Eight weeks after transplantation, the porous body was taken out and subjected to hematoxylin-eosin staining and TRAP staining. As a result, vigorous bone formation was observed in Adv-cbial-infected cells (Cbial-introduced adipocytes), but not in non-infected adipocytes (FIG. 7). In the figure, * indicates fat cells, arrow (blue) indicates osteogenic site, and arrow (red) indicates osteoclast. All publications, patents, and patent applications cited herein are hereby incorporated by reference in their entirety. Industrial potential

According to the present invention, fat cells can be induced to differentiate into bone and cartilage tissue with high efficiency. This method enables efficient construction of bone and cartilage tissue outside the living body by using easily and abundantly obtained fat cells as materials, and is expected to be applied to new implants and regenerative medicine. Sequence listing free text

SEQ ID NO: 2—Description of artificial sequence: primer

SEQ ID NO: 3—Description of artificial sequence: primer

Claims

The scope of the claims

1. A method for producing bone and cartilage tissue in vitro, which comprises introducing a gene for a bone and cartilage inducible transcription factor into isolated fat cells and causing the cells to differentiate and proliferate.

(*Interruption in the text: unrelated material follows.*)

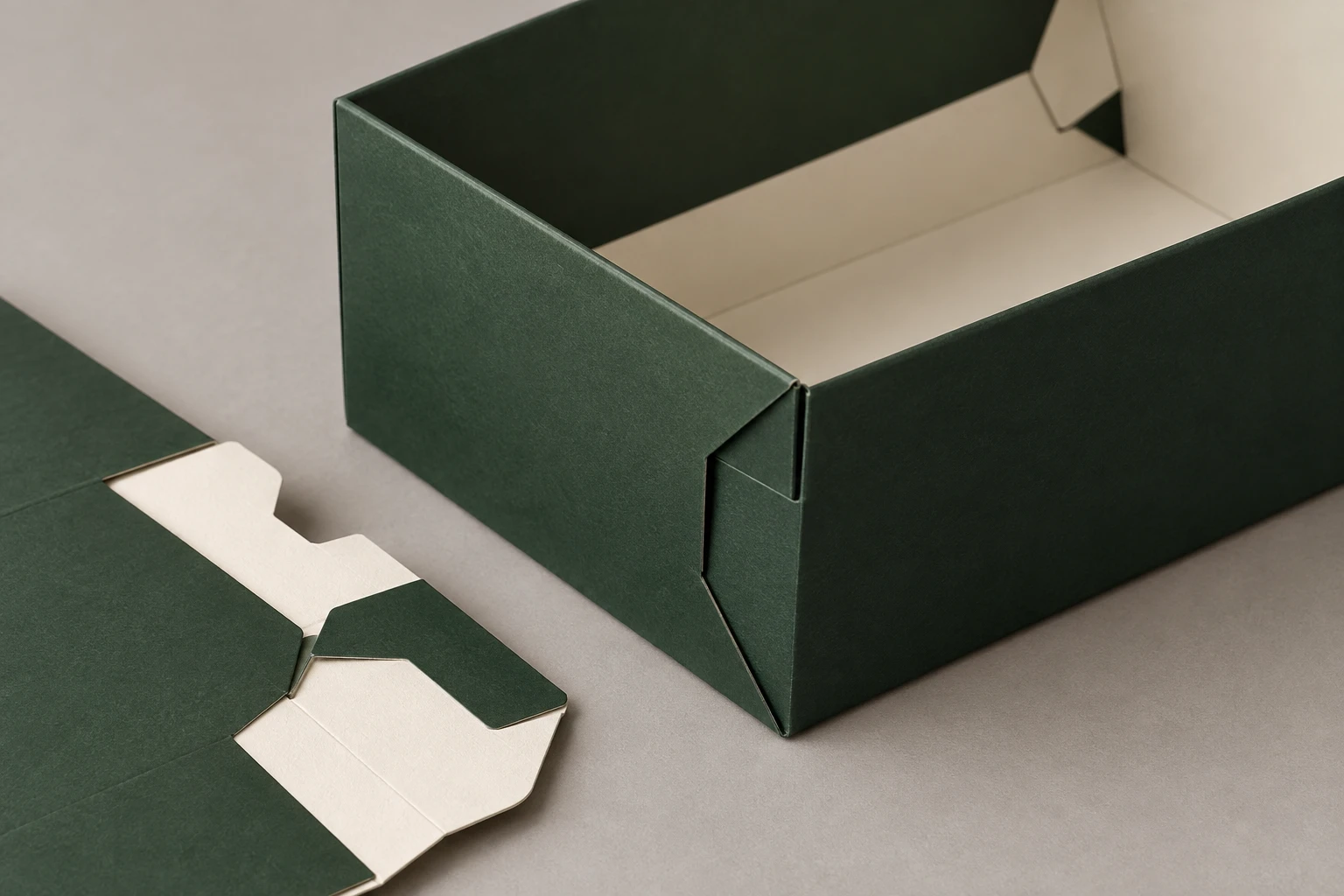MUGE design-direction concept close-up of a deep green foldable gift box paperboard corner lock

2. The method according to claim 1, wherein the bone and cartilage inducible transcription factor is one or more members selected from the group consisting of CbfaL Dlx-5, BapxK Msx2, Sceraxis, and Sox-9.

3. The method according to claim 2, wherein the bone and cartilage inducible transcription factor is Cbial.

4. The method according to any one of claims 1 to 3, wherein the bone / cartilage inducible transcription factor gene is introduced using an adenovirus vector or a retrovirus vector.

5. The differentiation and proliferation of cells is performed in the presence of one or more selected from the group consisting of dexamethasone, an immunosuppressant, an osteogenic protein, and an osteogenic humoral factor. 4. The method according to any one of 4.

6. The differentiation and proliferation of cells is performed using one or more selected from the group consisting of porous ceramics, collagen, polylactic acid, polyglycolic acid, and a complex thereof as a scaffold. The method described in any one of the above.

7. A method for producing bone and cartilage tissue in vitro, comprising the following steps.

2) In the presence of one or more selected from the group consisting of dexamethasone, an immunosuppressant, an osteogenic protein, and an osteogenic humoral factor, A step of differentiating and proliferating one or more selected from the group consisting of porous ceramics, collagen, polylactic acid and polyglycolic acid, and a complex thereof.

8. An implant comprising bone and cartilage tissue produced by the method according to any one of claims 1 to 7.

9. A method for inducing differentiation of bone / chondrocytes into bone / chondrocytes by introducing a gene for a bone / cartilage-inducing transcription factor into the isolated adipocytes.